Thatcher on Falklands: ‘we cannot appease aggression’

By Chris McCarthy

Surely we, of all people, have learned the lesson of history: that to appease an aggressor is to invite aggression elsewhere, and on an every-increasing scale.

Prime Minister Margaret Thatcher, 26 May 1982

Territorial disputes have long been the cause of conflict and so it proved again in the spring of 1982 when Argentine forces invaded the long-contested Falkland Islands [known as the Malvinas to Argentina] where the British had claimed sovereignty since 1833. Located nearly 13,000 kilometres from Great Britain but less than 500 from the coast of mainland South America, covering less than 5,000 square miles and home to fewer than 2,000 inhabitants at the outbreak of the Falklands War,* it seemed an unlikely cause for which to risk British lives.

British Prime Minister Margaret Thatcher saw the situation very differently. She made the case for defending the Islands in a strident speech to the Conservative Women’s Conference at the beginning of May 1982 that exemplified her qualities as a leader and typified her oratorical style: forceful, resolute, logically constructed, with a hint of rhetorical flourish.

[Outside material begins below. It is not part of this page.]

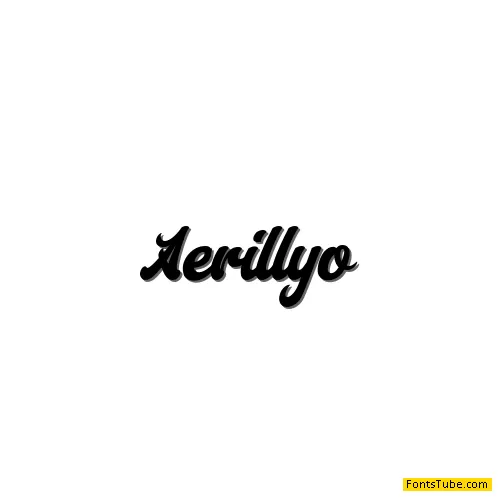Aerillyo Font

Pax Britannica had long expired and the remaining stump of the British Empire was broken up during the 1950s and 60s but the legacy of winning two world wars endured in the British psyche; the idea of acquiescence to a comparatively ‘minor’ nation was unpalatable and unacceptable despite the Islands’ strategic insignificance and sparse population. Thatcher would draw on Britain’s venerable military history to establish the parameters of her case for retaking the Islands; defending them was a matter of upholding freedom, justice, and the international rule of law:

The older generation in this country and generations before them have made sacrifices so that we could be a free society and belong to a community of nations which seeks to resolves disputes by civilised means.

The Argentine invasion of the Islands was a direct challenge to the rules that govern the international community and if allowed to go unchallenged the consequences would be “anarchy”, Thatcher warned. There was clearly no risk that Argentine forces would travel up the vast Atlantic Ocean to the shores of southern Britain, but to allow a “wanton act of armed by aggression” by a military dictatorship in “blatant violation of international law” set a worrying precedent:

If we…were to shrug our shoulders at what has happened in the South Atlantic and acquiesce in the illegal seizure of those faraway islands, it would be a clear signal to those with similar designs on the territory of others to follow in the footsteps of aggression.

Responding to critics of the government’s decision to recover the Islands by force, unconvinced by the argument that Britain should play the role of global policeman, Thatcher took each of their concerns in turn and rebutted them with devastating efficiency. We see a similar rhetorical device here that we recognise in several speeches by Tony Blair – establishing an unidentified figure to express an opinion or point that runs opposed to government policy, thereby enabling the speaker to counter them in turn and keeping the listener engaged with the rhythmic pacing and avoiding the disengaging ‘list format’.

In these two ‘exchanges’ Thatcher reproaches those “who speak lightly of a few islanders beyond the sea” and “other voices” who worry that Britain will be putting at risk her investments and interests in Latin America:

[To those who ask] “Are they worth fighting for?” let me say this: right and wrong are not measured by a head count of those to whom that wrong has been done. That would not be principle but expediency….

[Still others say] that trade and commerce are too important to us to put in jeopardy some of the valuable markets of the world. But what would the islanders, under the heel of the invader, say to that? What kind of people would we be if, enjoying the birthright of freedom ourselves, we abandoned the British citizens for the sake of commercial gain?

The case for military action was obvious and unavoidable, argued Thatcher, in what would be the first large-scale combat operation during her tenure as prime minister; British land and British citizens were the victims of an aggressor and the United Kingdom would not turn her back to her “own people” when they turned to us for help. Almost Churchillian at moments – “Despite these grievous losses, our resolves is not weakened…” – this was a speech to stiffen the patriotic sinews, to quell any doubts about Britain’s place on the world stage, and to reaffirm the principles of freedom and justice.

Thatcher herself selected the address as one or three most memorable speeches: perhaps because no decision to commit troops to war is ever taken lightly; perhaps because, with the power of hindsight, it was a defining moment in her political career that helped turn the Conservative Party’s fortunes around before the 1983 General Election; or perhaps because it best captured the qualities of steely resolve and firm principles that typified her as a person and a politician.

______

*Technically the United Kingdom did not declare war on Argentina or the occupied Falkland Islands. The last such declaration came against Thailand on 25 January 1942. In common parlance, however, the conflict has become firmly known as the Falklands War.